Tout aussitôt, Rabasteins sentit ses artères battre à coups précipités. Il n’a encore aucun projet, mais il comprend que cette bête est pour lui une communication possible avec l’extérieur. Cent idées se heurtent dans sa tête ; il ne s’arrête à aucune ; il ne fait pas un mouvement ; il craint d’effaroucher l’animal, surpris évidemment de rencontrer un vivant dans cette cave où, depuis longtemps sans doute, il vient quotidiennement tenir compagnie à la morte. S’il allait avoir peur, s’enfuir, disparaître, ne plus revenir ! Et, doucement, doucement, s’efforçant à ne point faire un geste brusque, en dépit de l’angoisse qui le serre à la gorge et de la palpitation galopante de son cœur, Rabasteins glisse la main vers la poche de sa veste ; il en tire avec précaution son mouchoir, le roule lentement en corde, sans cesser un instant de tenir ses yeux fixés sur ceux du chat, et, tout à coup, il bondit, se rue sur l’animal, qu’il saisit malgré les coups de griffes et les contorsions ; il l’étreint, le captive, s’en rend maître, noue le mouchoir à l’une des pattes, ramène les deux pointes sur le dos où il les serre d’un triple nœud, ceinturant le corps souple de la bête qu’il lâche enfin, grondante et terrifiée…

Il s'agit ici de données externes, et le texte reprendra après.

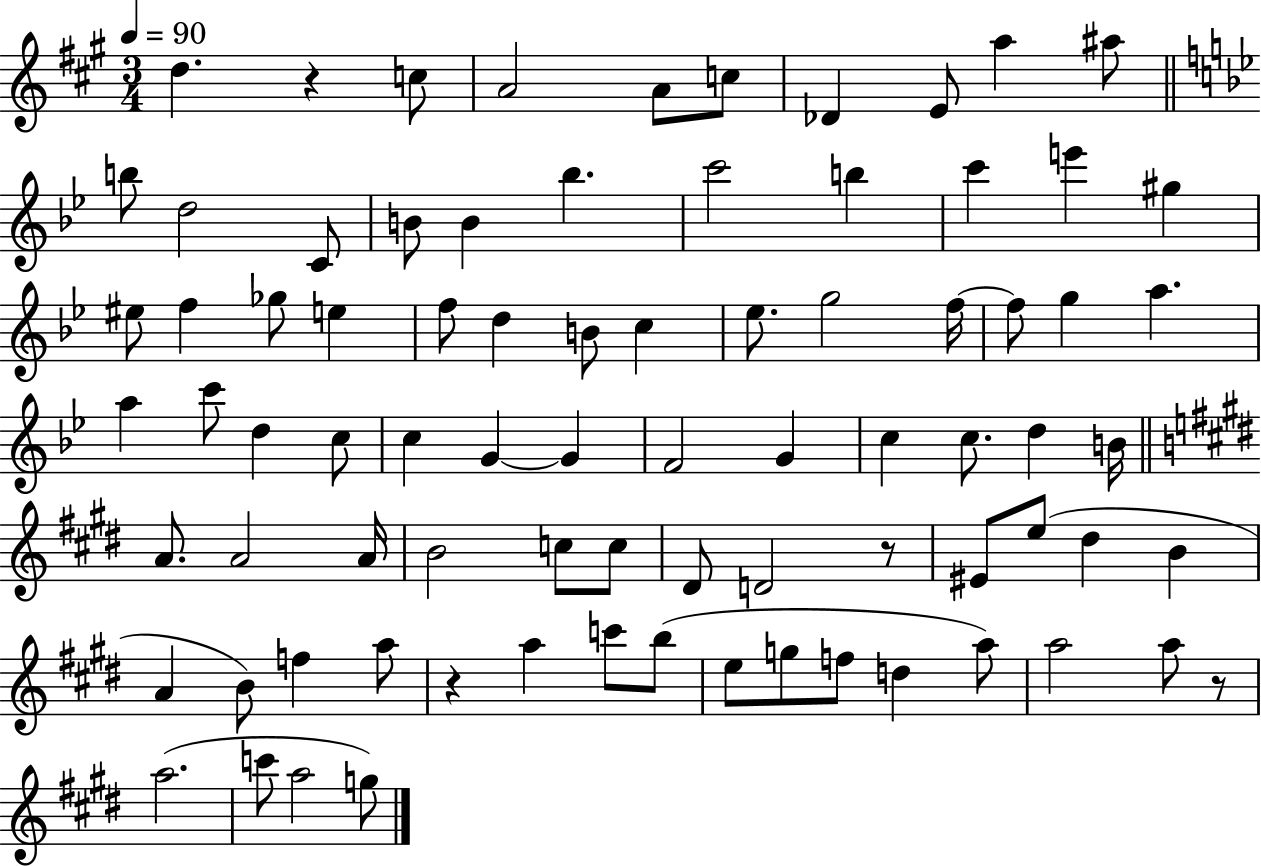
{
  \clef treble
  \numericTimeSignature
  \time 3/4
  \key a \major
  \tempo 4 = 90
  \repeat volta 2 { d''4. r4 c''8 | a'2 a'8 c''8 | des'4 e'8 a''4 ais''8 | \bar "||" \break \key bes \major b''8 d''2 c'8 | b'8 b'4 bes''4. | c'''2 b''4 | c'''4 e'''4 gis''4 | \break eis''8 f''4 ges''8 e''4 | f''8 d''4 b'8 c''4 | ees''8. g''2 f''16~~ | f''8 g''4 a''4. | \break a''4 c'''8 d''4 c''8 | c''4 g'4~~ g'4 | f'2 g'4 | c''4 c''8. d''4 b'16 | \break \bar "||" \break \key e \major a'8. a'2 a'16 | b'2 c''8 c''8 | dis'8 d'2 r8 | eis'8 e''8( dis''4 b'4 | \break a'4 b'8) f''4 a''8 | r4 a''4 c'''8 b''8( | e''8 g''8 f''8 d''4 a''8) | a''2 a''8 r8 | \break a''2.( | c'''8 a''2 g''8) | } \bar "|."
}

Le chat saute sur une pierre en saillie, atteint d’un second bond le soupirail, se glisse sous les barreaux et disparaît. Déjà Rabasteins l’a suivi ; debout sur le dossier du fauteuil, fou d’espoir, il secoue le croisillon de fer, et, d’une clameur continue, où il met ses dernières forces, il appelle : « A moi ! à moi ! Rabasteins ! » jusqu’à ce que, défaillant, sans souffle, il vacille, étend les bras et tombe évanoui sur les dalles, étendu, aux pieds de la morte.
Rabasteins eut la vie sauve. Ses compagnons n’avaient pas voulu quitter Montségur. Voyant le chat revenir au logis porteur du mouchoir de leur ami, ils comprirent que celui-ci avait dû tomber dans quelque oubliette. On suivit le matou, on découvrit le soupirail, on chercha la porte de la chambre inconnue qu’il devait aérer. Ne l’ayant pas trouvée, on s’arma de pics et de pioches, on arracha les barreaux, on agrandit l’ouverture et l’on descendit, au moyen d’une échelle, dans le caveau, d’où l’on tira, toujours évanoui, le pauvre vicomte. Il était resté là deux jours entiers.
On découvrit en même temps le cadavre de Lucie de Pracontal. Mme de Pracontal, aussitôt prévenue, se transporta à Montségur ; elle eut le courage de pénétrer dans le caveau où sa fille était morte, et c’est ainsi que se trouva réalisée la prophétie de la cartomancienne : « La châtelaine reverra son enfant. » L’ancien retrait du baron des Adrets fut converti en chapelle. Jamais on ne put ouvrir la porte de métal qui en formait l’entrée : il fallut abattre la muraille dont la cavité dissimulait un formidable mécanisme composé de roues, de grosses chaînes et d’énormes contrepoids.